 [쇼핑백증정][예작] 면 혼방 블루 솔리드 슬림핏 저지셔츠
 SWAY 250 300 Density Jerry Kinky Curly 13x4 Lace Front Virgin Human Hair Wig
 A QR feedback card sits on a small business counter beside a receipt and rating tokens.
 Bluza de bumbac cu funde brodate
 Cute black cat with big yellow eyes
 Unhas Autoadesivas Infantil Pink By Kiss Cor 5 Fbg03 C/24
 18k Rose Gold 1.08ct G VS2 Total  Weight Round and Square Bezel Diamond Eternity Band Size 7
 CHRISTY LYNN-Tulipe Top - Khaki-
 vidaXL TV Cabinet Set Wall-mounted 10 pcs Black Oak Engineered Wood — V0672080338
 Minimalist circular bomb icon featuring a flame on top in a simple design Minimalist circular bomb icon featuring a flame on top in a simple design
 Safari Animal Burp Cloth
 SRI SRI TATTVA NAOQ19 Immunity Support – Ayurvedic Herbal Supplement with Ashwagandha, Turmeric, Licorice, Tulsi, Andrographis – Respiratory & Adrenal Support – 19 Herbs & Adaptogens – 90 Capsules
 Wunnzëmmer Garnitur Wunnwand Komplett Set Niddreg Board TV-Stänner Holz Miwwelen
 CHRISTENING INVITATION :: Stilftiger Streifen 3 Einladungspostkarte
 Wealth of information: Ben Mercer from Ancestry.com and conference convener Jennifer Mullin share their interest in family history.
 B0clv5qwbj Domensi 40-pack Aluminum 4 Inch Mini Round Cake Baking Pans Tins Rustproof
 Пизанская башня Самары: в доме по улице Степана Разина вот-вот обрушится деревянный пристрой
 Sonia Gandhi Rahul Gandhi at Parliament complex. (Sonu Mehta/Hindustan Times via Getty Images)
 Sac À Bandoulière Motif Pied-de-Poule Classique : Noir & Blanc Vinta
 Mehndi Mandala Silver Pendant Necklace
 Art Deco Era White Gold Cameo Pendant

### Work item
Output exactly the lines of the data that run from the one containing "Safari Animal Burp Cloth" to the very last line, and no others.

### Result for this exercise
 Safari Animal Burp Cloth
 SRI SRI TATTVA NAOQ19 Immunity Support – Ayurvedic Herbal Supplement with Ashwagandha, Turmeric, Licorice, Tulsi, Andrographis – Respiratory & Adrenal Support – 19 Herbs & Adaptogens – 90 Capsules
 Wunnzëmmer Garnitur Wunnwand Komplett Set Niddreg Board TV-Stänner Holz Miwwelen
 CHRISTENING INVITATION :: Stilftiger Streifen 3 Einladungspostkarte
 Wealth of information: Ben Mercer from Ancestry.com and conference convener Jennifer Mullin share their interest in family history.
 B0clv5qwbj Domensi 40-pack Aluminum 4 Inch Mini Round Cake Baking Pans Tins Rustproof
 Пизанская башня Самары: в доме по улице Степана Разина вот-вот обрушится деревянный пристрой
 Sonia Gandhi Rahul Gandhi at Parliament complex. (Sonu Mehta/Hindustan Times via Getty Images)
 Sac À Bandoulière Motif Pied-de-Poule Classique : Noir & Blanc Vinta
 Mehndi Mandala Silver Pendant Necklace
 Art Deco Era White Gold Cameo Pendant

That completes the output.